Written by Ben Tisdall

9 December 2021

On the road cycle sportives we organise the longer distance is around 100 miles. Or on the gravel sportives the equivalent is more like 50-60 miles. Riding 100 miles or more in one go does require some training & preparation. Here are ten tips which will help you crack a 100 mile road sportive or a 50-60 mile gravel event. They also apply to the shorter distances & will get you a long way towards successfully taking part in our 200 mile Dartmoor Legend Ultra Sportive too.

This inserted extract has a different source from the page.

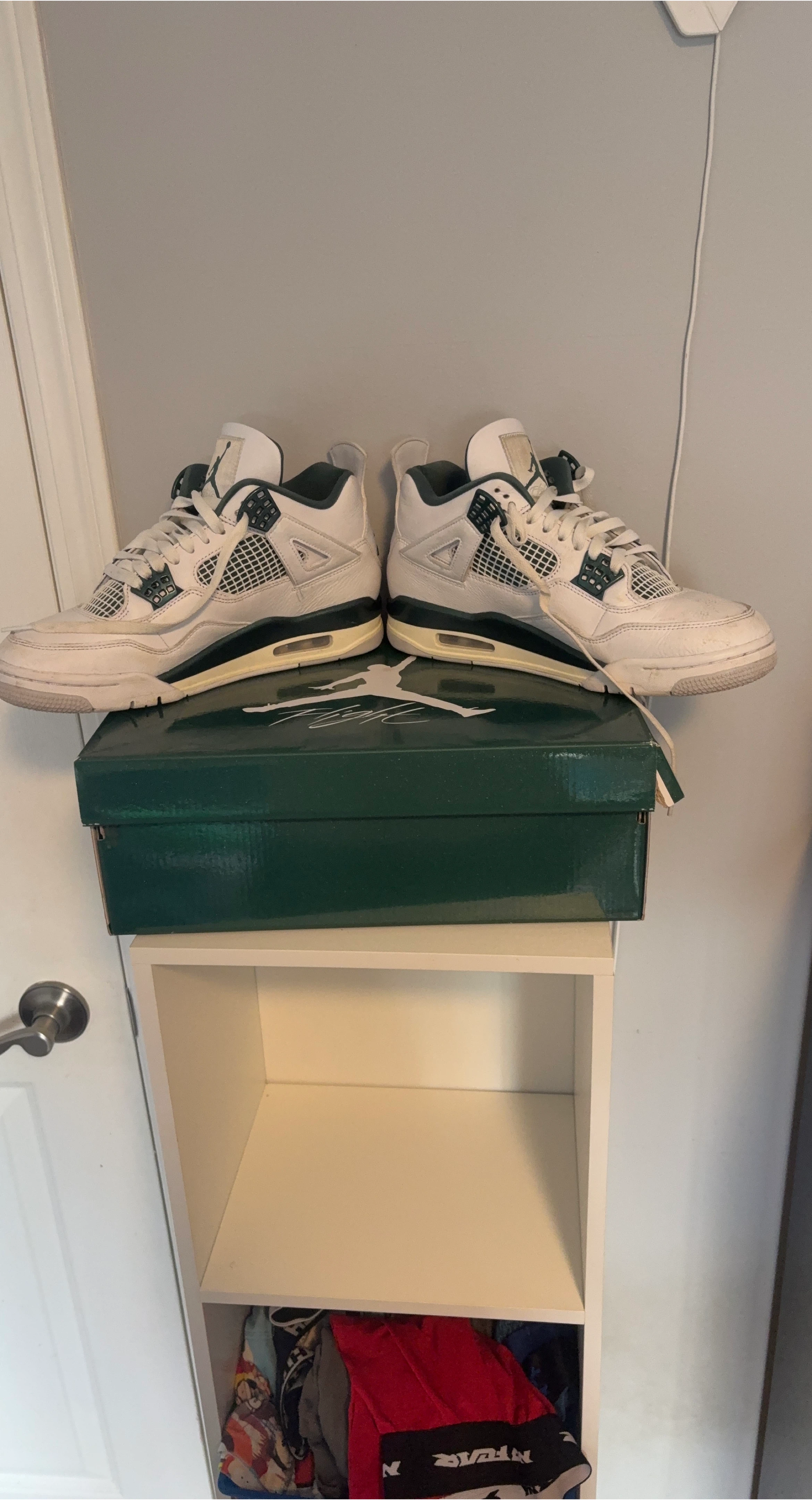 Air Jordan 4 'Pine Green' Sneakers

  1. Build your training around a longer weekend ride on Saturday or Sunday. It’s important that the longer ride is not a smashfest which leaves you too tired to ride for a couple of days. Most of your longer ride should be in zone 1 or 2 although a few harder efforts won’t do you any harm. Zone 2 is steady training just above the easy zone. Zone 2 builds aerobic base and endurance. And improving aerobic capacity increases your ability to maintain a faster pace for longer. Zone 2 feels worthwhile. You break a sweat but should be able to have a normal conversation with a fellow rider.
  2. Join a club or cycling group. All the bigger cycling clubs have a range of different club runs catering for a range of abilities & speeds. Riding in a group with more experienced riders is a great way to improve. It’s an easy way to manage a three to four hour ride every week. It’s also pretty sociable as you get to chat with your fellow riders & inevitably at some point there is a cafe stop with a chance to load up with coffee & cake. Use the British Cycling Club Finder to find a local club.
  3. Build up your riding over time. You don’t need to do a 100 mile ride before your big sportive. But completing a ride of, say, 75 miles which mean you’re able to handle several hours on the bike & able to step up to the longer distance for your sportive. A great way to get the miles in is to do some or all of your commuting by bike. Aim to build up to riding at least three or four times a week.
  4. Keep a training diary. For many people a free Strava account will suffice. It will let you see how many hours of riding you’re doing & how it’s increasing over time. And you can join our free Strava Club to compare your training with other riders
  5. Include some intensity. Even if your game plan is to ride on the day at 14mph average it will really help if you can get used to some harder, faster efforts. Your local club probably organises a chain gang which is a high intensity training session where you take it in turns to ride on the front. Or try some kind of race. Many clubs organise evening 10 mile time trials where anyone can have a go. There are also road races, mountain bike races & cyclocross races all aimed at beginners. If you prefer a more informal approach just try some sprints for road signs or hill repeats, where you find a suitable hill & ride up it several times as hard as you can with a short recovery while you freewheel back down.
  6. Get your bike position checked out by a local bike fitter or an experienced club rider. It’s important to have your saddle at the right height. This improves efficiency and reduces the chance of being hit by knee or back pain. Similarly make sure you’re not over or under-stretched on your bike. This will keep you comfortable on your bike but also make you more aero for some easy speed gains.
  7.  Nail your nutrition. You need to plan what you’re going to eat during the ride ahead of time and test it out. For example gels don’t agree with some people so don’t start scoffing them during a big sportive unless you’ve tested them out on earlier rides. And make sure you keep hydrated. Even 1 percent dehydration can have a measurable effect on your performance.
  8. Practice cornering. You need to know which lever operates the front & rear brakes. Slightly favour the less harsh rear brake over the front. Approaching a corner lift up your inside pedal and do your braking before the corner. Avoid braking while you’re on the corner but if you have to use the rear brake only.
  9. Get your kit sorted. As a minimum you’ll need a helmet, cycling shoes, a decent pair of shorts & a cycling jersey. You’ll also need a waterproof that will fold up small enough to go in your back pocket and preferably leg warmers & arm warmers too.
  10. Check out the course of the sportive you’re taking on. The 101 mile Taunton Flyer we organise is comparatively flat for most of the course and has a total of 1680m of climb in just over 100 miles. This is a much easier proposition than our 112 mile Moor To Sea sportive which has 3000m of climbing so you’re fitting in almost twice as much climbing in just a few miles more. Sitting between the two is the Lands End 100 with 2200m of climbing in 105 miles.
  11. Our two gravel events: the Haldon Heroic and Devon Grit are shorter in distance but can be just as tough. Off-road miles are harder so expect the 100KM Devon Grit Extreme to take a similar time to the 105 mile Lands End 100.